Some have been longing for this, as the sometimes hot and sometimes hazy, but mostly wet weather seems to have stuck around for months, never truly relinquishing its grip, but giving only brief flashes of more seasonable temperatures.
As the calendar page flips over to September, some look back on the summer that was, and others remain focused on the months ahead.
The Mountain Township Agricultural Society celebrated the 125th offering of the South Mountain Fair complete with a nod to those who paved the way for what the event means to the community. Mountain’s organizational cousins in Chesterville marked a much younger birthday at 86.
Dairyfest, the 29th annual, has also come and gone. But, it was a party again, even if only for one day.
This weekend, Stormont County rolls out the red carpet to revellers from throughout the region for the 150th annual fair on the grounds in Newington. It’s an annual celebration as old as Canada itself, and organizers have packed the activity schedule full for four days of fun.
Fair boards in Russell and Metcalfe, meanwhile, are waiting in the wings for their time to shine.
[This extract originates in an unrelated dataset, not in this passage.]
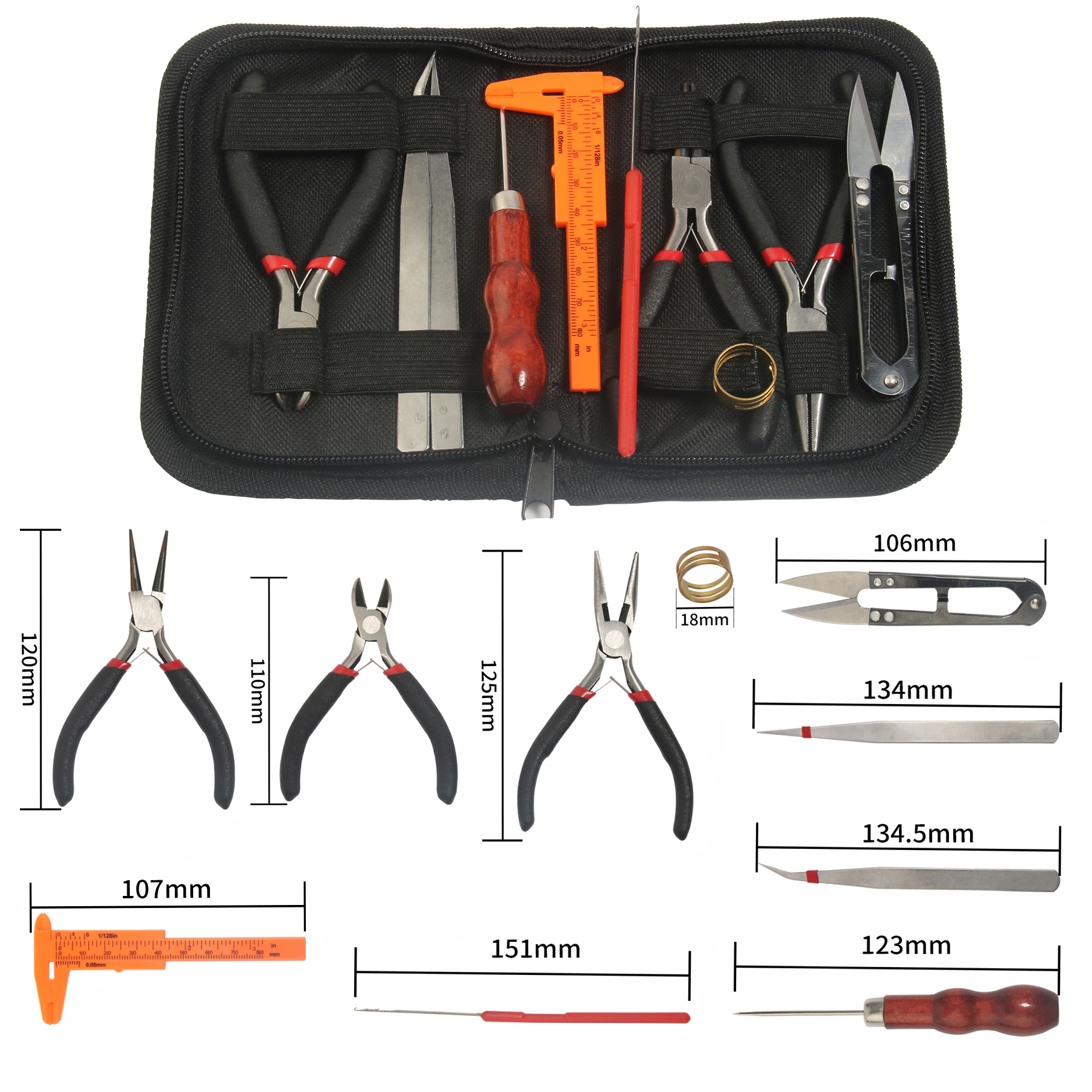 Jewelry Making DIY Tool Sets R – Jewelry Making Pliers Set recenzja i cena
Yes, summer’s tender grip remains firm, if only for a few more weeks.
It does seem like the time has passed by rather quickly doesn’t it?
There was also the five weeks of Meet Me On Main Street, which amazingly benefitted from some of the few nice days the area has been blessed with this summer.
Local farmers are no doubt looking forward to summer’s end, if only for the fact that maybe the torrential rains will be in the rearview going forward.
This past weekend saw the 100th anniversary at the Battle of Hill 70 memorial in Mountain. The memorial is arguably one of the nicer aspects of a hamlet that has seen its fair share of ups and downs, but has never, ever, forgotten to pay tribute to those who paid the ultimate sacrifice in the First World War.
On the political stage, this fall marks the official start of the election wheel both municipally and on the provincial stage.
Voters head to the polls in October 2018 to pick mayors and councillors, while Queen’s Park could be in for a shake-up next June. Either way, the electorate is wise to settle in for the ride.
What else will we see throughout what’s left of the year?